*Task brief:* Omit all pictures. Print the remaining lines exactly, from the start of the data through the line containing "Dámské Designer Kotníčkové".

Records excerpted from a collection
_ _ _ _ _ _ _

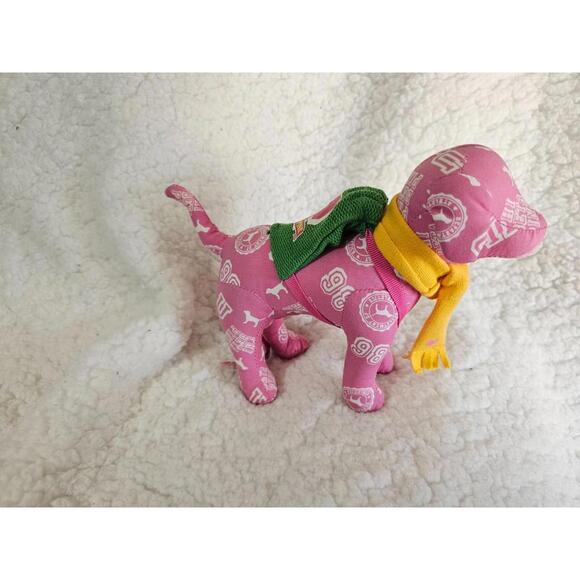 Pink Victoria's Secret Pop Puppy Dog Plush Toy Green Backpack Stuffed Animal 5" - Picture 3 of 12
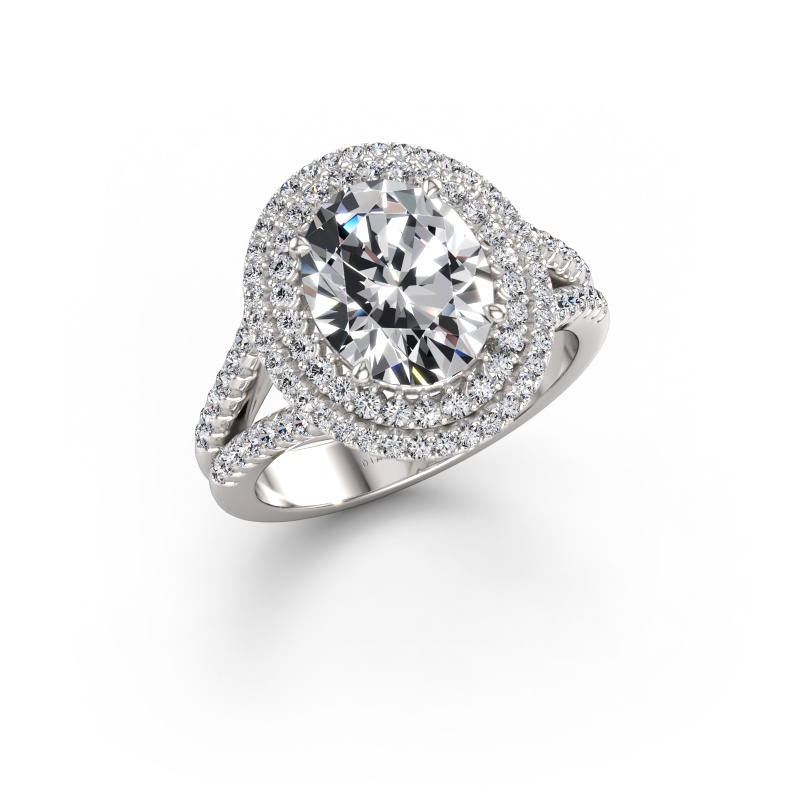 Bild av Förlovningsring Elvie OVL 585 vitt guld Diamant 3.295 crt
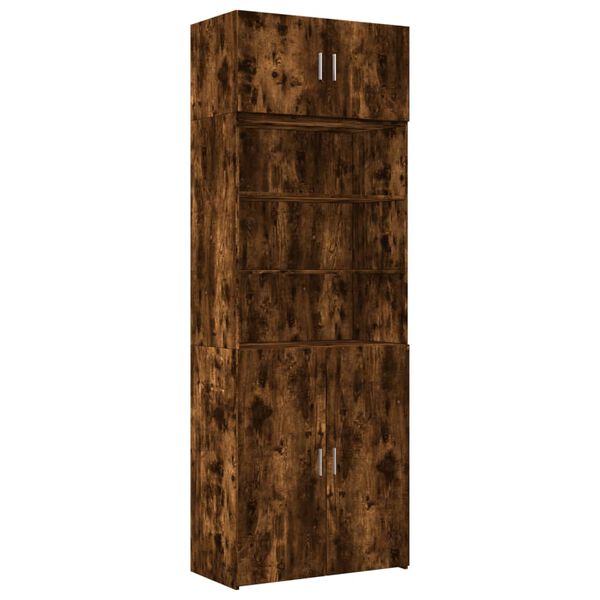 vidaXL Armoire de rangement ch&ecirc;ne fum&eacute; 80x42,5x225cm bois d'ing&eacute;nierie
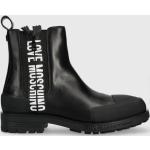 Dámské Designer Kotníčkové boty na podpatku Moschino Love Moschino v černé barvě z kůže ve velikosti 38 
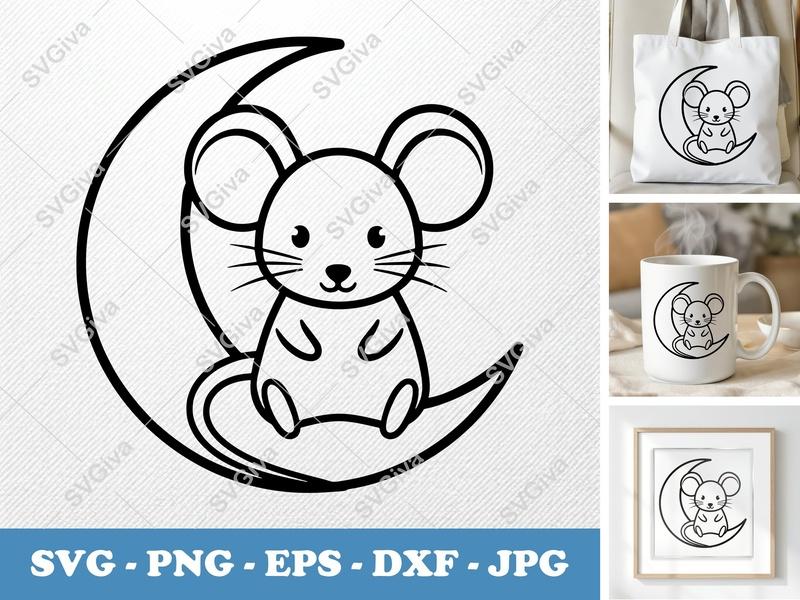 Mouse on Moon SVG, Cute Animal Clip Art, Modern Line Art PNG, EPS, DXF for Cricut & Silhouette, Baby Nursery Decor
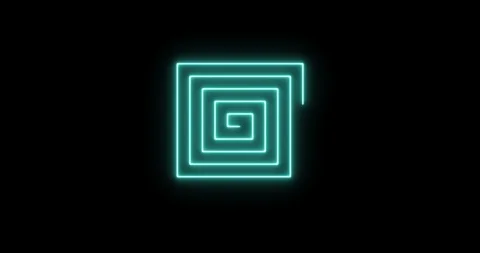 Beautiful rectangle neon spiral Stock Footage 122778299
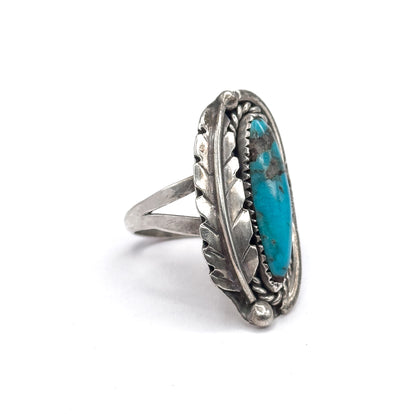 Vintage Turquoise Cabochon Feather Ring in Sterling Silver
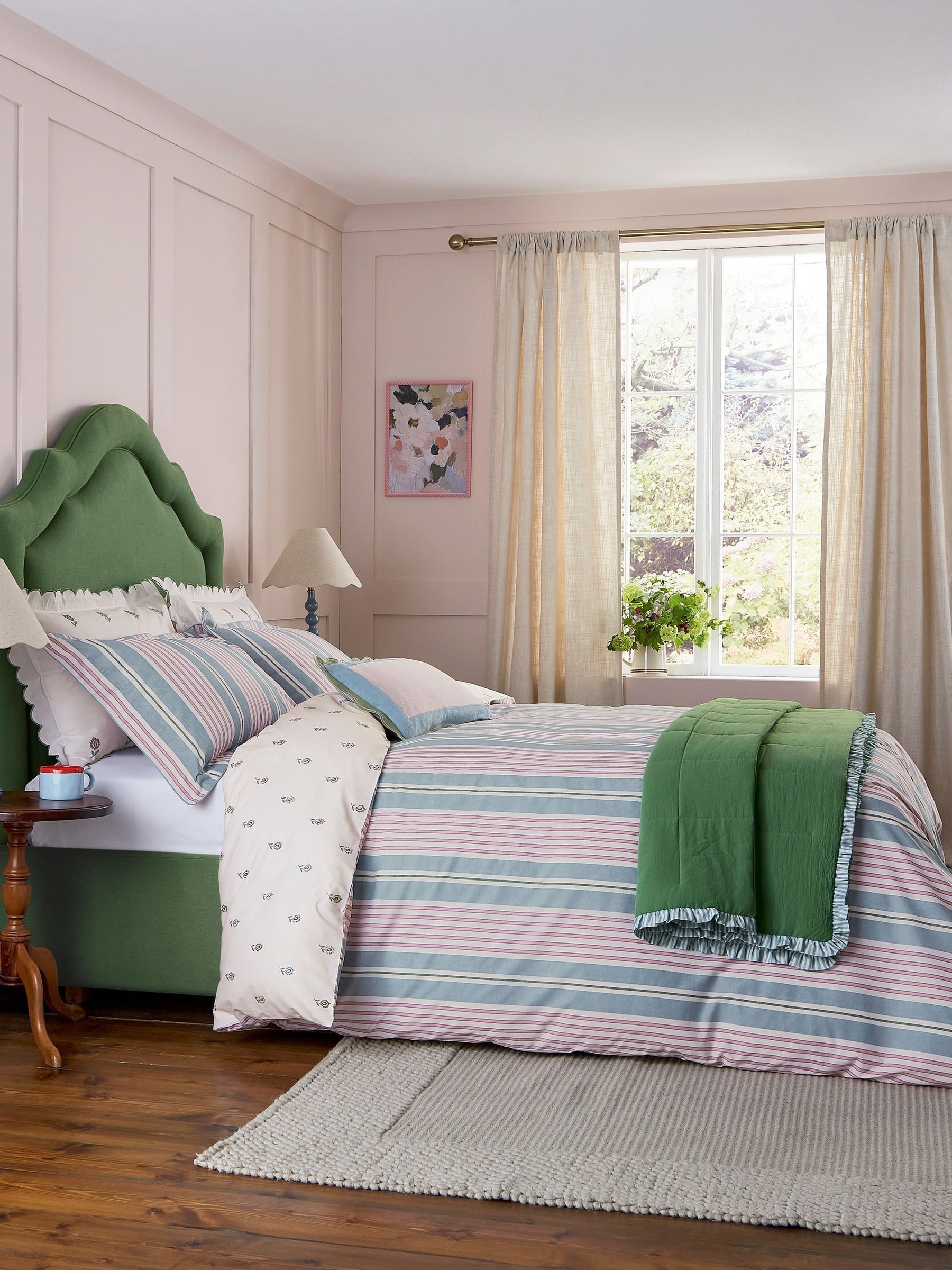 Pink Come Rain Or Shine Embroidered Scallop Pillowcase Pair - Image 2 of 5 Pink Come Rain Or Shine Embroidered Scallop Pillowcase Pair - Image 2 of 5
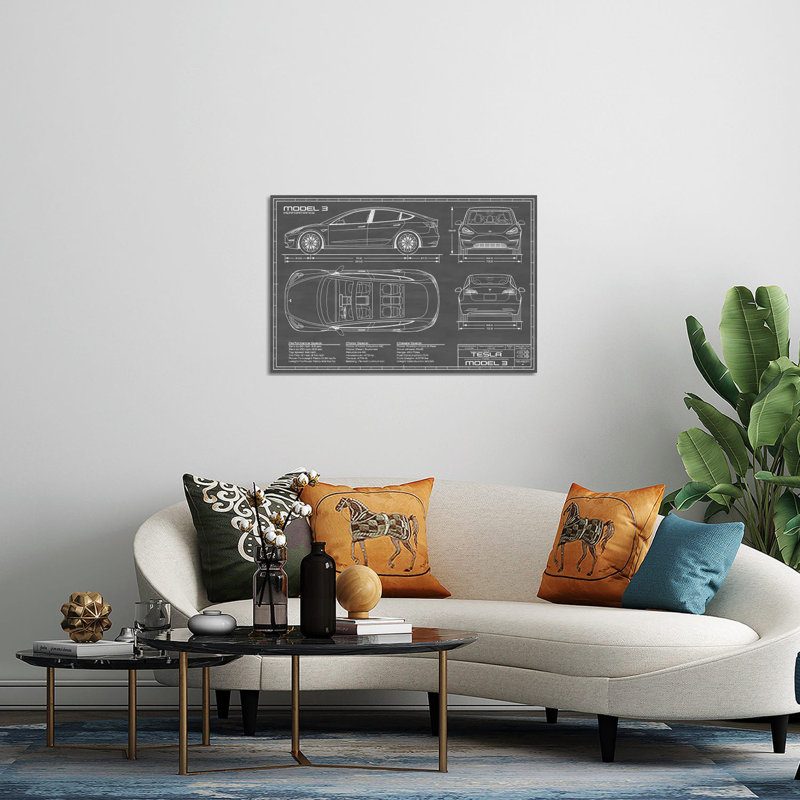 Action Blueprints - Unframed Graphic Art, Black/White, 24" H x 16" W x 0.25" D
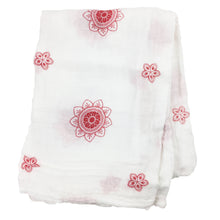 Load image into Gallery viewer, Double Layer Muslin Swaddling Blanket - Red Zen Flowers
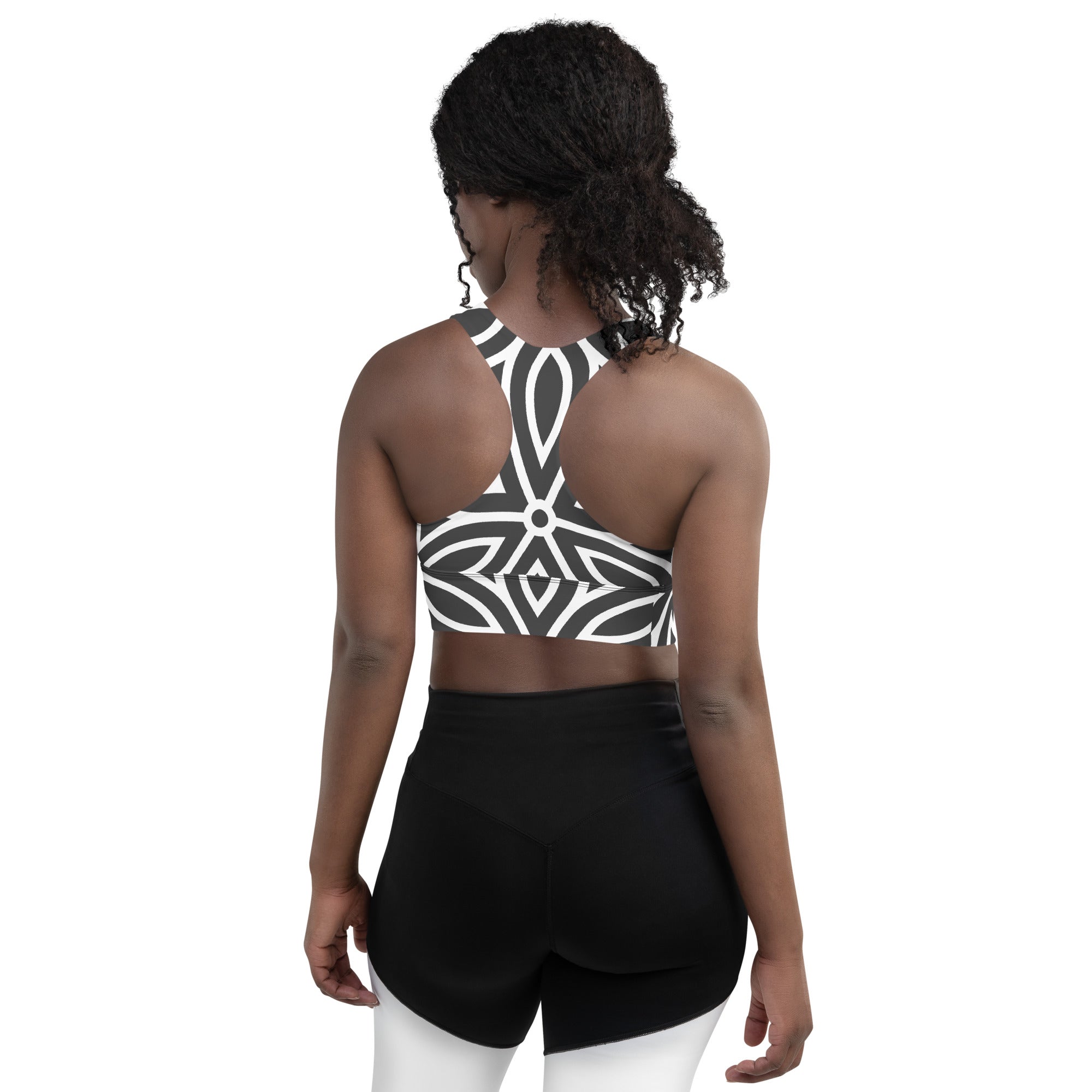Geometric Petal Print Longline Sports Bra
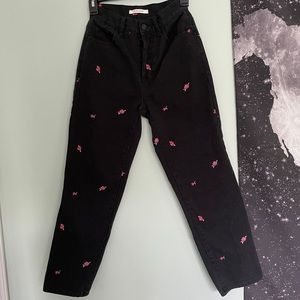 Black rose detailed jeans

_ _ _ _ _ _ _

*Completed task:*
 Pink Victoria's Secret Pop Puppy Dog Plush Toy Green Backpack Stuffed Animal 5" - Picture 3 of 12
 Bild av Förlovningsring Elvie OVL 585 vitt guld Diamant 3.295 crt
 vidaXL Armoire de rangement ch&ecirc;ne fum&eacute; 80x42,5x225cm bois d'ing&eacute;nierie
 Dámské Designer Kotníčkové boty na podpatku Moschino Love Moschino v černé barvě z kůže ve velikosti 38 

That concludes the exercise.